The BBC on Monday reviewed a report from media analysts Screen Digest which concludes that technological advances in the gaming market are breaking companies’ backs financially.
Several strategies to counter the significantly higher investments in game development are being tried: Microsoft is making deals for game exclusivity to expand their market, while Sony has expanded their own in-house development team, and Nintendo has been targeting a diverse market with their games. In addition, more games are either based on popular films, or on previously successful games. While game sites have been discussing whether “episodic play” is attractive, game producers are looking for ways to reduce engineering costs and these games fit the bill.

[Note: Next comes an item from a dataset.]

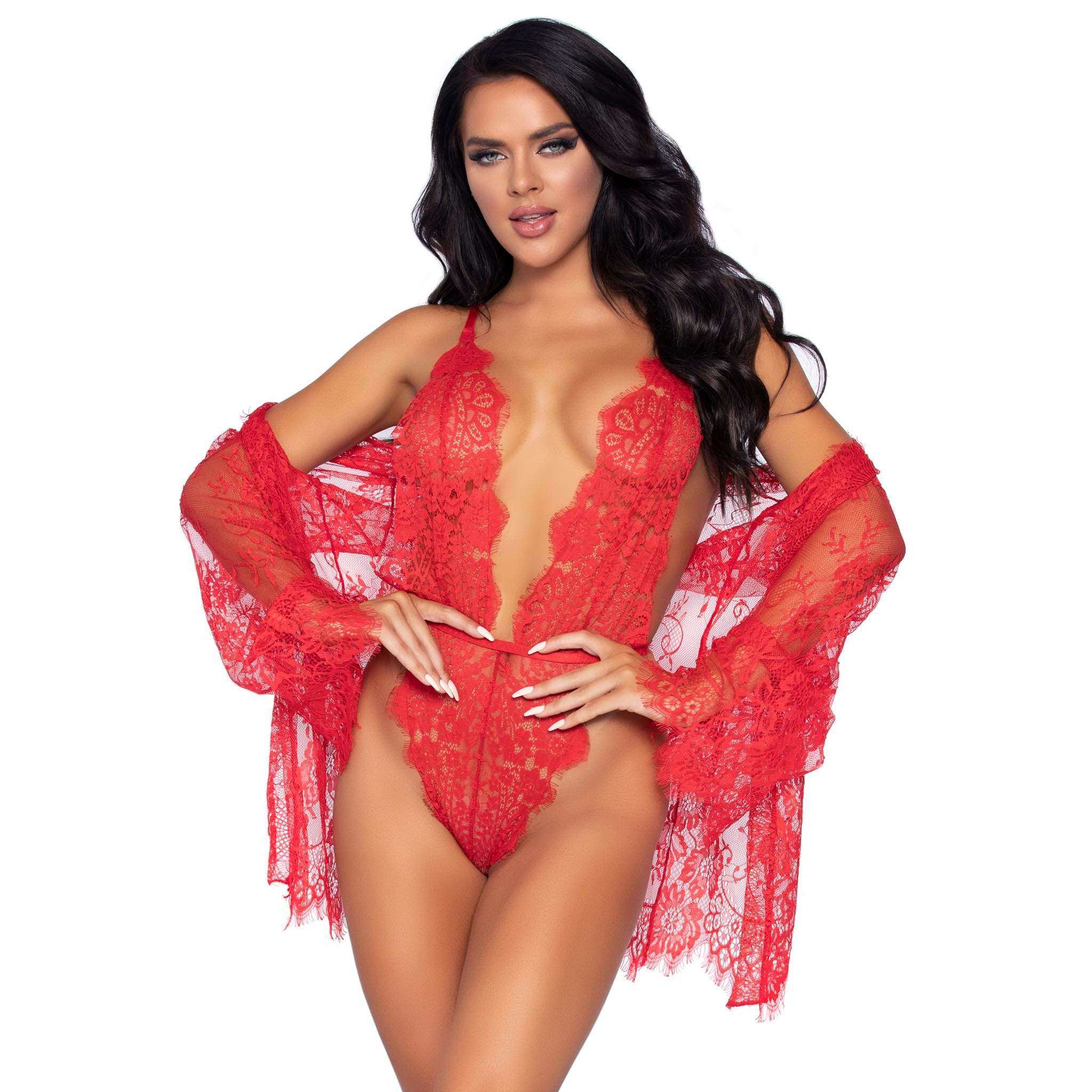 Floral Lace Adjustable Teddy w/ Cheeky Thong & Matching Lace Robe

As Mark Friedler in Game Daily notes, with rising costs of game software creation driving prices up, the companies’ profit strategy based on number of units sold is going to be dampened. He thinks that counting shrink-wrapped packages sold to consumers is outdated, and also notes that the market has changed significantly since the last round of major gaming unit releases a number of years ago.

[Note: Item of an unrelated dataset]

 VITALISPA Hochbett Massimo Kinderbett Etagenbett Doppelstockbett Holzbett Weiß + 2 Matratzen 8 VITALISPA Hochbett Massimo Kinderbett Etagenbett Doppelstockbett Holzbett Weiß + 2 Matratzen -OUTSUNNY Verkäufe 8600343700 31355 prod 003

In the current market, he notes, the target demographic for games is approximately 15-34, and those consumers have a lot more media vying for their attention these days. There are iPods, websites such as Myspace which he notes had a tenfold year to year increase in users, various Internet media and online gaming as many users have moved to broadband, and the whole realm of television-based entertainment as well. In other words, games aren’t just competing against games anymore.
Friedler thinks that game producers need to think about their games as media, and compete for “timeshare,” the amount of attention their games are getting. It’s a more complex model, and harder to measure. Nevertheless, as the market gets riskier for the companies involved, he notes, the level of creativity involved in game production will normally drop, but those “sure thing” games might not get the play that more innovative products would. He notes the irony that the major factor driving this risk avoidance will be the advances in technology in the new units, and the costs they drive in the games.
There’s also the question of the audience for games. In order to grow the number of consumers buying expensive gaming units and games, Nintendo has been offering a broader spectrum of games, and Microsoft’s “Live Arcade” has been drawing consumers, he notes.
With new markets such as casual games for women opening new possibilities, Friedler believes that there is an entirely new business model for the gaming market, that producing, marketing and shipping product and “hoping for the best” is no longer viable. As game producers and manufacturers work to produce new and exciting games, their financial and marketing arms are going to have to work just as hard to explore and adapt to the new face of the market.